◆ Exercise:
Go to the line containing "Buddha Stones Porte-clés" in the records below and print it and every following line exactly, on through the line containing "Tic Tac Toe", then stop.

◆ Supplied records:
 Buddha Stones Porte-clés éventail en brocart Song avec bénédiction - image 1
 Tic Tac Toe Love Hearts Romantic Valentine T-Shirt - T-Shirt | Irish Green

==

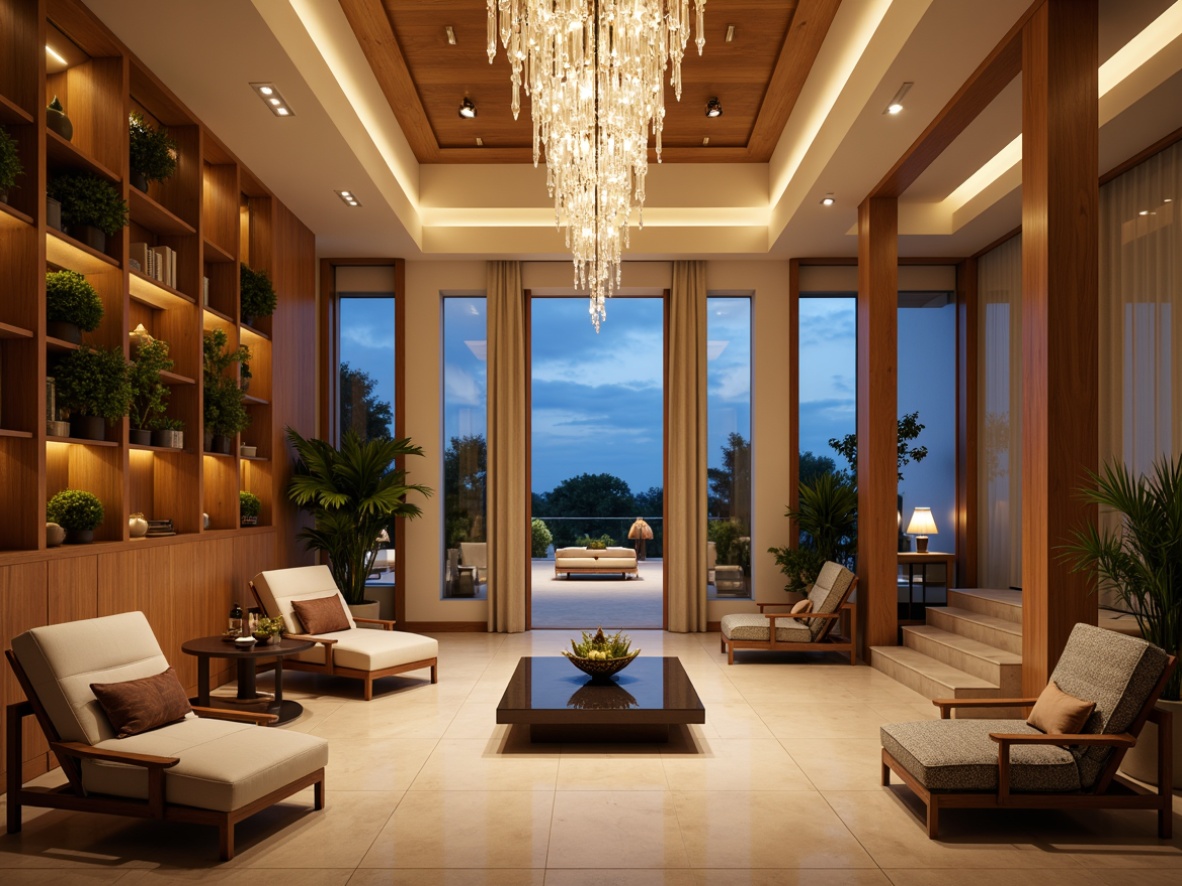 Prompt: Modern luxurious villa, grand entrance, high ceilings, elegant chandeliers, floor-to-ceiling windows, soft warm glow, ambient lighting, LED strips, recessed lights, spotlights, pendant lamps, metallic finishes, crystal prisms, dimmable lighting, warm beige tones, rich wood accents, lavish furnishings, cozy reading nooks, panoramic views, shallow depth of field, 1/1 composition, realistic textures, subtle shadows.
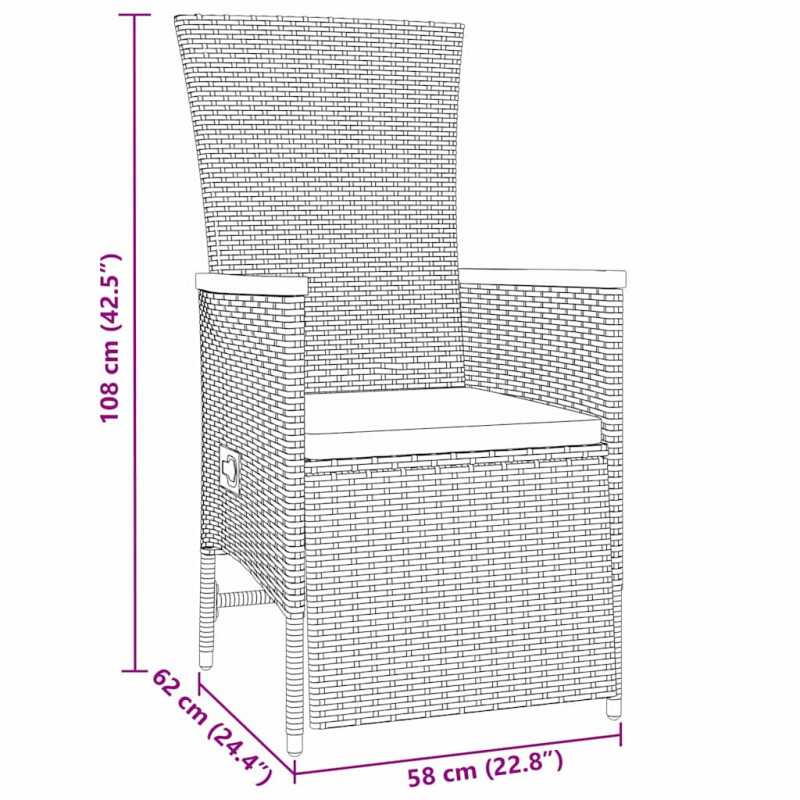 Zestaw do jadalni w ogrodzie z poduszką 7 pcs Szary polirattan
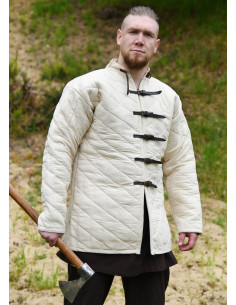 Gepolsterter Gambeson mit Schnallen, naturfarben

◆ Answer section:
 Buddha Stones Porte-clés éventail en brocart Song avec bénédiction - image 1
 Tic Tac Toe Love Hearts Romantic Valentine T-Shirt - T-Shirt | Irish Green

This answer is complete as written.